- _WORK INSTRUCTIONS_
Where does the string "Outros" appear in the material? Copy each line that holds it.

- _WORKING DATA_
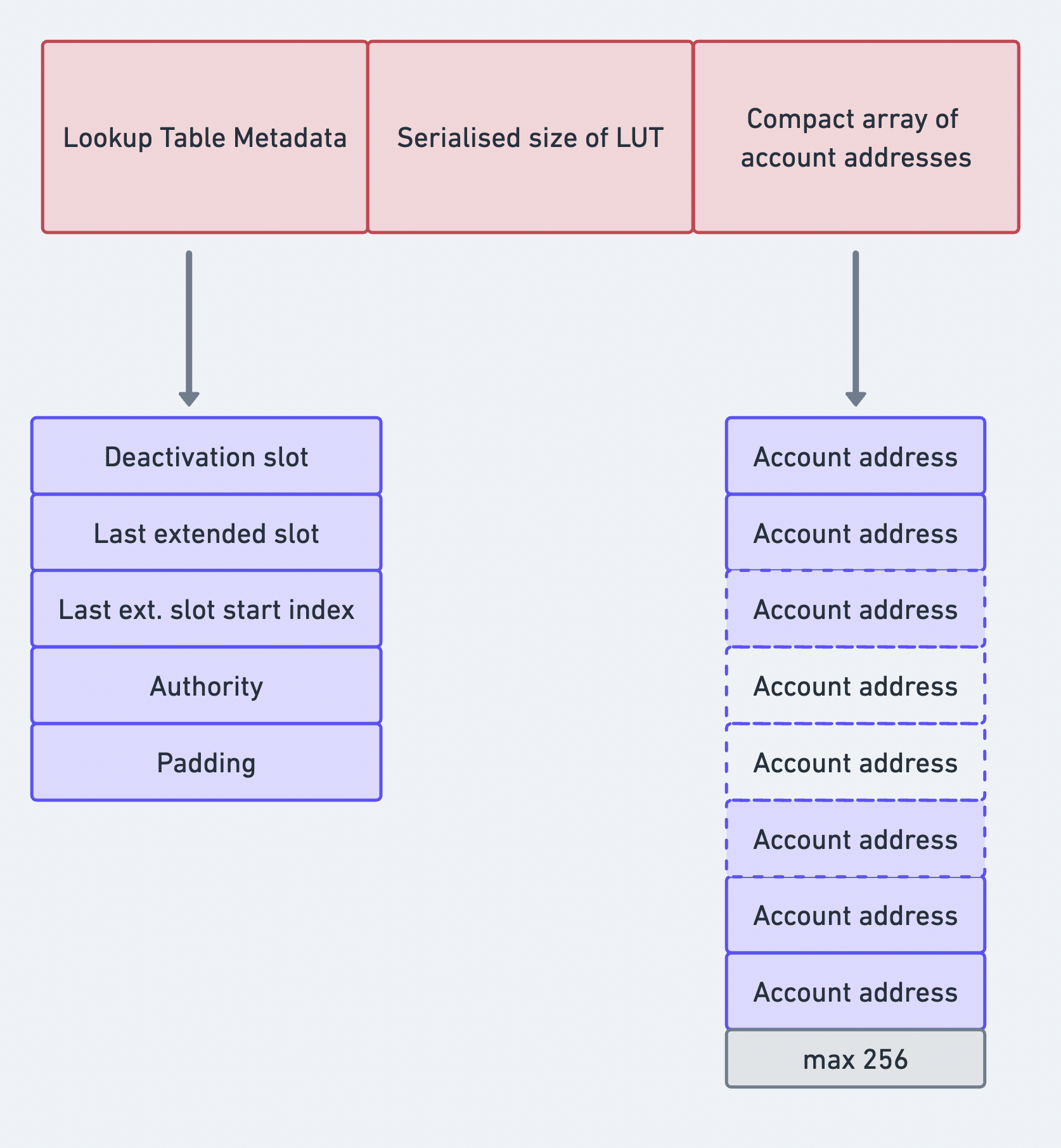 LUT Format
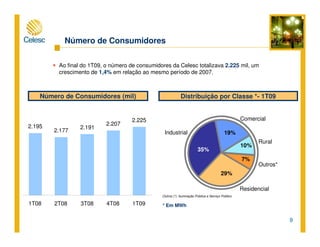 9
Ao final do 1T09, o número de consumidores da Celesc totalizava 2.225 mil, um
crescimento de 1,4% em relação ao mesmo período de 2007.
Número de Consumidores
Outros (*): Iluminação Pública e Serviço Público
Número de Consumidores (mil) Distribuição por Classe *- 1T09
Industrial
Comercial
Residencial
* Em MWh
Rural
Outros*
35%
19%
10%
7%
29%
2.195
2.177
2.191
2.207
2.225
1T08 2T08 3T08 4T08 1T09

- _PROBLEM SOLUTION_
Outros (*): Iluminação Pública e Serviço Público
Outros*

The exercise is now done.